I peruse threads which are old, new, borrowed and blue and reply as and when I see fit, and generally like to interact with the 'good', the 'bad' and the downright 'ugly'. I'm open to new ideas, creative writing, wit in all shapes and forms and post as and when the mood suits me. Sometimes this involves 'getting the books out' (or searching the Internet) to elaborate on a point in a serious discussion. Other times my input is little more than 'idle chatter'. In some cases it could be described as a mixture of both no doubt (some would say only the latter). I make no claims to being a world authority on any subject. I enjoy the written word, and am forever amazed at the power which this has. I enjoy and expect the freedom to reply in any fashion I choose. The good old one word / one short sentence retort works fine. The deeply involved un-paragraphed block of words which takes me several cups of coffee to formulate works equally well. Sometimes I choose to make light of a serious topic, and other times I try to inject some seriousness into a seemingly pointless thread. In all cases I use my own style and sense of humour. I know some of you have commented positively on my contribution(s), and I'm aware that others find me abstract or obtuse. I make no apologies for my posts, and if some find them to be unnecessary interruptions then I have no control over that, and would not have it any other way.
Now ...
... what I do take exception to is when Board activity takes on a sinister tone. You know, when some start talking in 'code', with constant references to emails about a 'certain individual', lots of hints or open [but never entirely open ...] references to 'motives' - when in fact nothing has happened that I or most other people are aware of. The recent thread about 'someone' posting in the style of others is such an example. I'm not sure if this was aimed at me or not, and I would have posted on that thread but didn't, as I found it tedious, insulting, and unnecessary. Having said that, the Board can be like that at times, more's the pity. Why test theories of a personal nature if you've already made up your mind in advance? Your 'answer' will be predictable. At this point I'm tempted to cut and paste this post to the thread in question, as I'm rather disappointed that I feel the need to express my dismay at its contents.
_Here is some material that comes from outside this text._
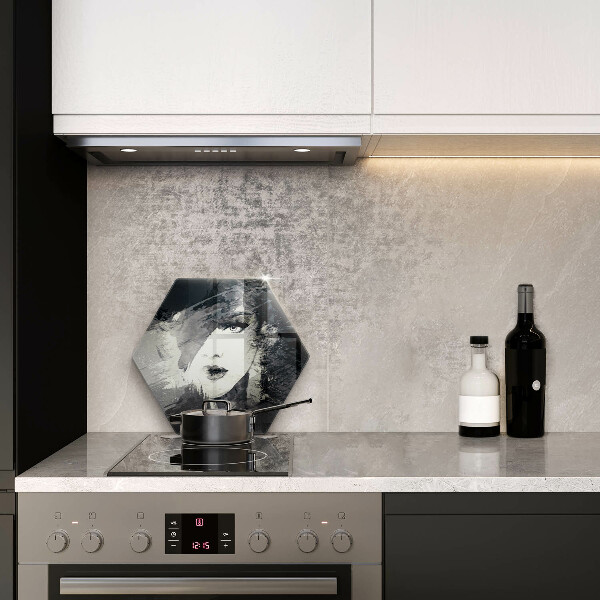 Tagliere in vetro Dipinto di una donna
It's a no-win situation though. On any other day I would have carried on as normal, but I do have feelings, and wanted to have my say ...
But ...
Maybe I've used too many words on this post? Maybe I shouldn't have said that, as someone might quote me and reply with a singular and mocking "Yes" or "Yes, you have"? Maybe I should post as a guest and fill the Board with abuse? [Not my style, so I won't]. Do I select the 'unhappy' icon to accompany this thread / post? If I do then some might accuse me of craving sympathy, of playing with emotions. You can see how it quickly gets out of hand? There are so many variables ... maybe I should have written "there are so many possibilities"? It probably doesn't matter what action or non-action I take, there will always be some who jump to ridiculous conclusions and pander to their own insecurities while thinking they are above it all. I really don't know. I really enjoy coming to Lit, I hope whoever is reading this does too. If not, then it's maybe yourself that you're not happy with? I wouldn't know, because I'm honestly not interested. Don't take that personally, there's enough of that going on as it is.
Further dialogue welcome ... and I don't mind what you say or how you say it. I'll leave that for others to do.